Russia hints at joining in on US missile defence
MOSCOW, Jan 14 (AFP) - Russia could collaborate with the United States in the building of a missile defence system under certain conditions, Defence Minister Sergei Ivanov said Tuesday.
"Theoretically, we do not rule out cooperating with the United States, under certain conditions, in certain precise areas of such a system, if ever it is created," Ivanov said, as quoted by the Interfax news agency.
Washington has on several occasions held out the prospect of Russia joining in the work of constructing a missile defence shield -- which Russia in principle opposes -- and the US ambassador to Moscow Alexander Vershbow, in a recent interview, insisted that his country was "serious" about the offer.
He noted, in the interview with Interfax conducted on December 30 but published last Wednesday, that Russia has "advanced technology, such as the S-300 and S-400 anti-air missiles which could be developed into an anti-ballistic missile capability," and said that areas of possible cooperation were under consideration.

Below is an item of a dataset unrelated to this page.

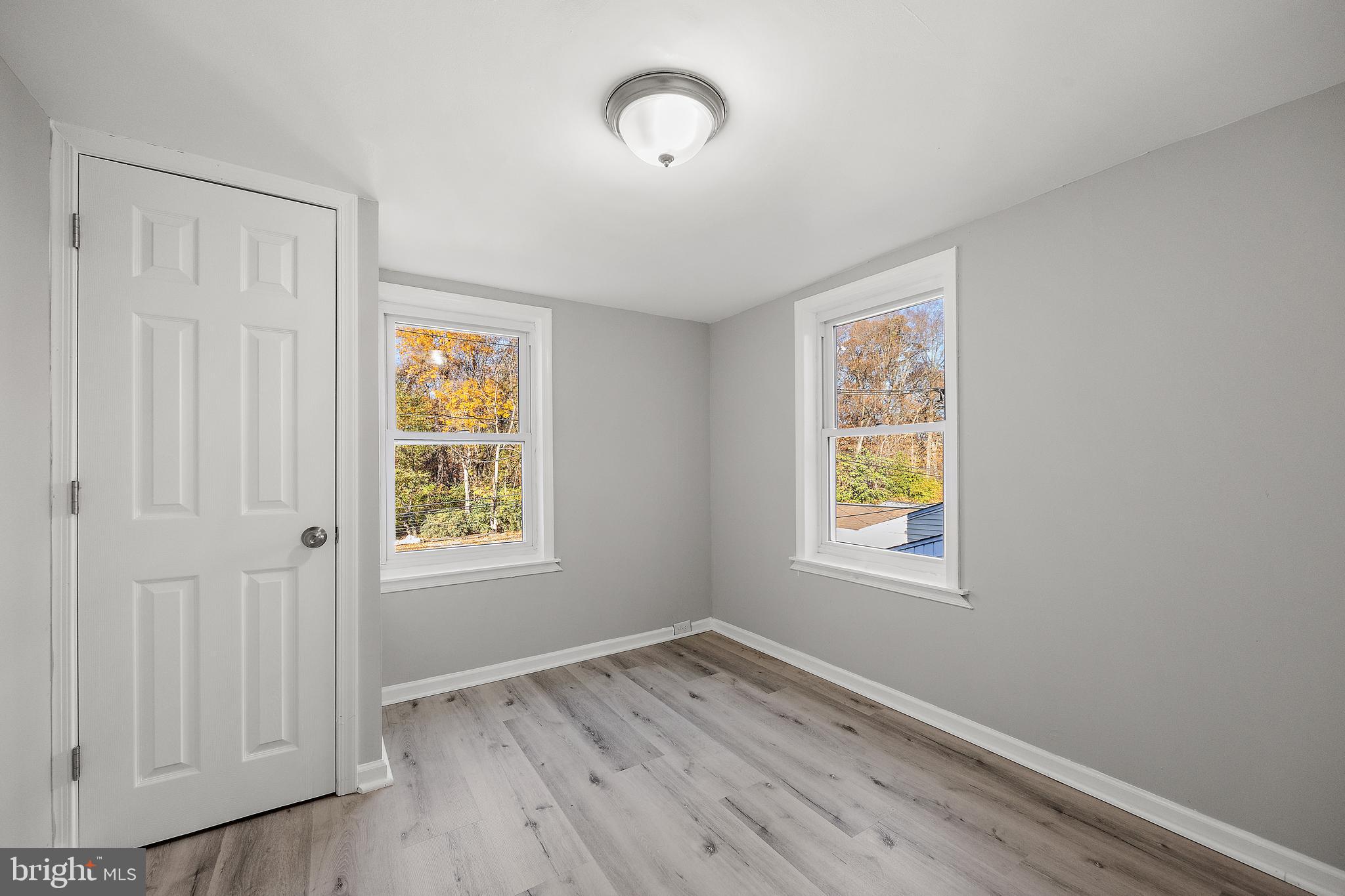 22 Denham Ave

Ivanov insisted however that the Russian participation "would depend on a series of conditions, in particular that it should comply with the requirements of our own security and of our economic interests."
He reaffirmed Russia's long-standing view, stated by President Vladimir Putin in December 2001, that the US decision to withdraw from the 1972 Anti-Ballistic Missile treaty was "a mistake."
Last Thursday, Moscow said it was awaiting a reply from the United States to a proposal on a draft of a new strategic stability agreement to replace the abandoned ABM treaty.
State Department spokesman Richard Boucher said however that he was unaware of the proposal, which Moscow said would be a "new political missile defense agreement."